Rien que cette année, nous avons eu le droit à The Zone of Interest et One Life sur le sujet de la Shoah. Si le second était assez convenu malgré sa réussite dramatique, le premier nous transportait au pied du mur, dans le quotidien hors-champ des camps. Hazanavicius, en bon touche à tout inventif, a trouvé son angle d’attaque, celui du conte, celui de l’animation.
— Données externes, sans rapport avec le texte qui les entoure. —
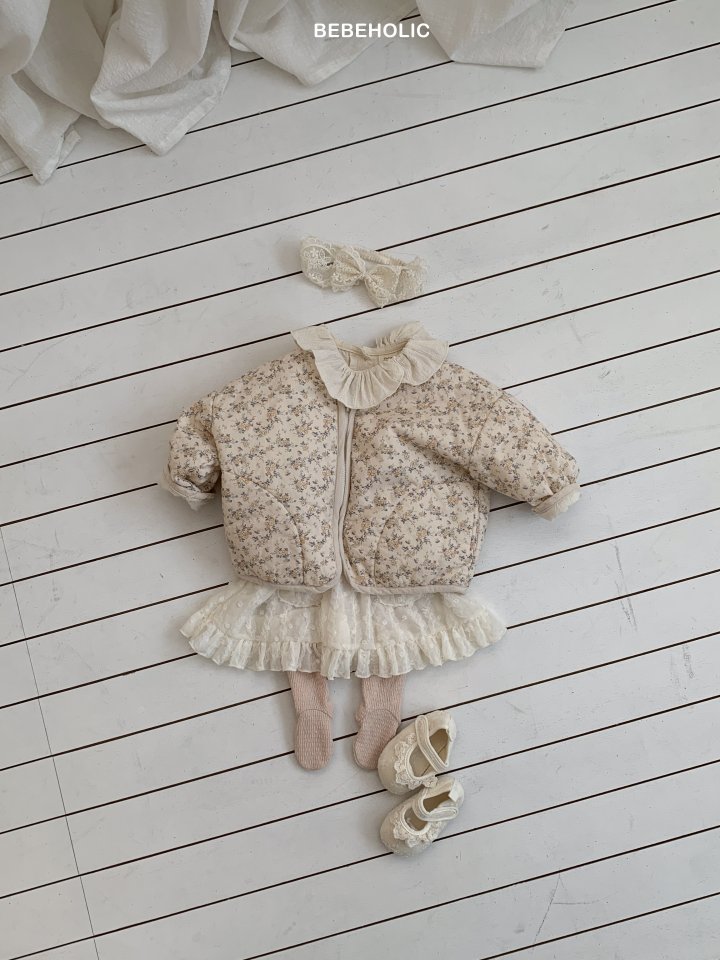 Bebe Holic - Korean Baby Fashion - #babygirlfashion - Stoke Jumper - 5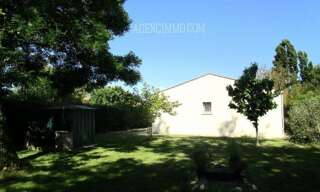 Maison 4 Pièces 92 m² à vendre à Saint-Sulpice-de-Royan (17200)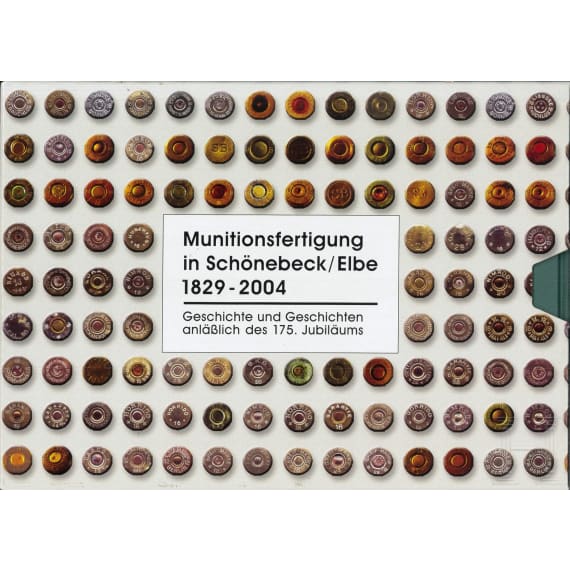 Gro&szlig;es Konvolut B&uuml;cher &uuml;ber Munition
Pauvre bûcheron et pauvre bûcheronne vivent en une forêt à la blancheur éclatante, un cadre aussi pur qu’il est dépouillé, et donc à même de laisser s’exprimer ses personnages, seules sources de chaleur potentielle. L’esthétique et la forme narrative se rejoignent donc pour former un statisme cohérent qui ne révèle l’horreur de façon frontale qu'une fois la magie dispersée. Car lorsque arrive cette précieuse marchandise, ce don de dieux, bûcheron y voit le mal. L’aliénation d’une époque qui voit les sans-cœurs comme des créatures à châtier. L’homme est victime de la religion, de la superstition, et il faudra bien que son cœur s’ouvre pour que son esprit s’active. Le motif du train, jusqu’alors assimilé au lointain, à des mondes inenvisageables dont on entend les échos par les collègues au déjeuner, devient tout autre. Il glisse des rails de l’indifférence au convoi de la peur, levant le voile de ce qui s’y trame alors que celui de l’obscurantisme se lève des yeux de pauvre bûcheron. Alors l’épure laisse place au démonstratif.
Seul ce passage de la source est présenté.